Have your meat and veggies too! Make this delicious prosciutto asparagus stuffed chicken breast on the grill for a yummy, summer.
It’s crazy to think that just a few years ago I had NO IDEA how to use a grill. I think I was more intimidated to actually light the thing than to use it. I always thought I was going to light it wrong and blow something up (don’t laugh at me). Turns out, most grills are really easy to light and they work very similarly to an oven, but leave beautiful grill marks and delicious flavor.
Girls. Grills aren’t just for guys. #justsaying #itstrue
So- take one of these recipes and get grilling! Us ladies did it and you can too!
Honey Grilled Bananas with Mocha Chocolate Sauce from Lexi’s Clean Kitchen
The perfect healthier Summer dessert! If you’ve never grilled bananas, you need to start with these! Lightly sweetened and topped with a flavorful chocolate sauce for the perfect grilled treat.
Grilled BBQ Short Ribs from Running to the Kitchen
These grilled BBQ short ribs are covered in a smokey dry rub with an optional BBQ sauce slathered on at the end.
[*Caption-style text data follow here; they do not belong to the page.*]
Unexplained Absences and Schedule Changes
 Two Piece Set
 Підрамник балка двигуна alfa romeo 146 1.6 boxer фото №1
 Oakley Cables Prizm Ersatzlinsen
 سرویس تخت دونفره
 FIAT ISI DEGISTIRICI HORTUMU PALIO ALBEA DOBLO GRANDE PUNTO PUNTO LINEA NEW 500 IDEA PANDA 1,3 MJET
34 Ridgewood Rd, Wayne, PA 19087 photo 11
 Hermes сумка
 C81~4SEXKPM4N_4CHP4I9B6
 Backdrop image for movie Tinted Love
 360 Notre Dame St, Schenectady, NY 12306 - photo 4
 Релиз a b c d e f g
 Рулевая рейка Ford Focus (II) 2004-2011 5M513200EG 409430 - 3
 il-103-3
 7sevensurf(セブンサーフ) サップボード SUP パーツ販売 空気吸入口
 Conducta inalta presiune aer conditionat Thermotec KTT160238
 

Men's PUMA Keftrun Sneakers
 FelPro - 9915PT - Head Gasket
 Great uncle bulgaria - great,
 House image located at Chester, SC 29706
They’re cooked low and slow on the grill for a tender meaty summer dinner and served with a fresh grilled pineapple salsa.
Grilled Kale Salad with Lemon Vinaigrette from The Healthy Maven
Who says you can’t grill salad too?! Try this delicious and summery recipe for Grilled Kale Salad with Lemon Vinaigrette! Topped with peaches, shallots and toasted hazelnuts, you will never go back to regular old kale.
Grilled Lemon Pepper Shrimp Skewers from Eating Bird Food
Zesty, light and quick to cook, these shrimp skewers are a grilling favorite. Pair them with grilled veggies or serve over a fresh salad for a crowd-pleasing summertime meal.
Grilled Chocolate Cherry Almond Crisp from Food Faith Fitness
This isn’t your traditional cherry crisp! It’s easy, paleo-friendly and made on the grill! A fun, smokey-sweet dessert for summer that’s made a little healthier!
I am of course, super excited about this stuffed chicken recipe because this recipe is a meal in itself. We’ve got 2 types of meat involved, a vegetable, lots of flavor, and cheese (if you want!).
For this recipe, I highly suggest purchasing a meat tenderizer. I got mine from target for less than $10 and I’ve used it a few times now! It’s a great tool to have and really makes stuffed chicken a lot easier. The reason you need it is because pounding the chicken down to 1/2 inch to an inch will ensure it will cook evenly and makes it easier to stuff and tie off!
I ended up topping my chicken with a delicious sun dried tomato puree I made by food processing sun dried tomatoes, balsamic vinegar, salt, and EVOO. Easy peasy and so delish. To make things even easier, you can buy jar of pureed sun dried tomatoes at the store, which is equally as good!
- 3 medium-size organic chicken breasts
- 6 pieces of Prosciutto, thinly sliced
- 12-15 asparagus stalks
- 3 tablespoons + 3 tablespoons fresh parmesan cheese, grated (divided)
- salt and pepper, to taste
- ~1 teaspoon garlic powder
- First, preheat grill to 400ºF.
- Then, prepare chicken breasts by laying them flat on a cutting board. Then, using a meat tenderizer, pound until the chicken flattens out and is the same thickness all around (~1/2 to 1 inch).
- Next, season chicken breast with salt and pepper to taste along with some garlic powder.
- Stuff each chicken breast with about 2 slices of Prosciutto, 5 asparagus stalks, and a tablespoon on fresh parmesan cheese.
- Then, place chicken on the grill and let cook for about 7-8 minutes on each side before flipping. Flip and cook for another 7-8 minutes or until chicken is completely cooked all the way through.
- Top chicken breast with sun dried tomato paste and another tablespoon of grated parmesan cheese.